Habría que retomar el mandato de Dios a sus profetas de que gritaran a voz en cuello poniendo voz a la denuncia y al grito de los pobres. Algunos, sumidos en el interior de sus iglesias, no escuchan esas voces, hay muchos oídos que no prestan atención a esas voces. Así, parece que no hay intensidad suficiente de parte de los que gritan y muchos fieles creen que esa voz no existe o, lo más grave todavía, que ellos no están llamados a escuchas ni a responder ni a esa voz ni a ese grito. Menos aún la denuncia. No son conscientes de la denuncia profética con la que entronca Jesús mismo.
Los cristianos deberían abrir más foros de debate sobre estos temas por amor al prójimo. Las iglesias, que deben ser iglesias del Reino, deberían salir a la palestra pública mostrando esos valores del Reino de Dios que son rehabilitadores, liberadores y que pone a los últimos como primeros practicando una justicia misericordiosa.

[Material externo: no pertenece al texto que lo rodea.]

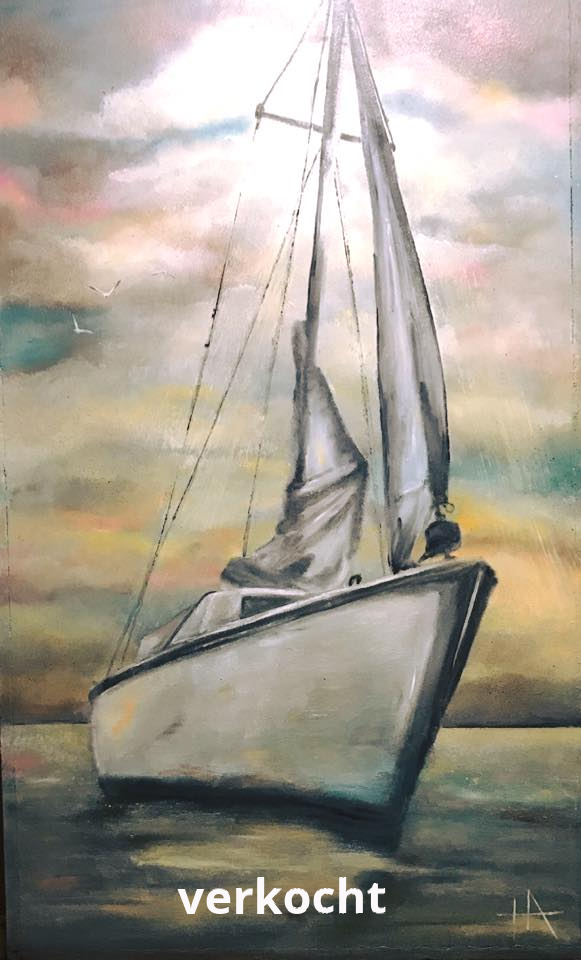 portfolio categorie : boten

Si nuestra voz no se oye, si estamos sumidos en un silencio cómplice, si la iglesia es demasiado silente en torno a estos temas, los cristianos no deberían solamente dedicarse a plantear preguntas al mundo, sino que deberían pararse y, en primer lugar, comenzar a cuestionarse a sí mismos.
Sí. Si falta nuestra voz de apoyo a los que hablan con sus ojos tristes y sus cuerpos hambrientos, deberíamos cuestionarnos a nosotros mismos, cuestionar nuestra fe, cuestionar el que seamos auténticos seguidores del Maestro.

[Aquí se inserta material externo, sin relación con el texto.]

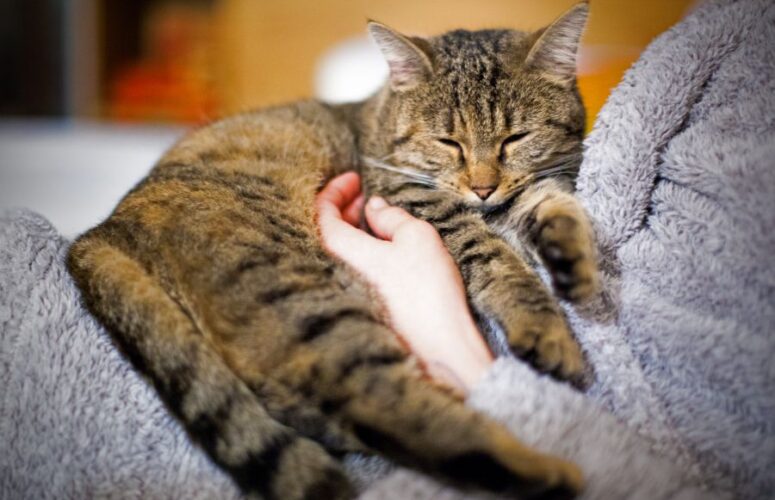 Почему кошки мурчат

Quizás de este cuestionamiento, surgiera la vida, la nuestra y la de nuestro prójimo, una vida impregnada de una fe que actúa a través del amor. Quizás aprenderíamos no sólo a usar nuestra voz y gritar con coherencia, sino a actuar también dentro de las líneas de misericordia que el Señor nos ha enseñado.
Quizás llegaríamos a descubrir cuál es nuestra responsabilidad para con el prójimo y podríamos hacer de la erradicación de la pobreza una prioridad. Una prioridad que para los cristianos debería pasar de los estrictos ámbitos de una ética social y asumirla también como evangelización del mundo. Los hechos también evangelizan.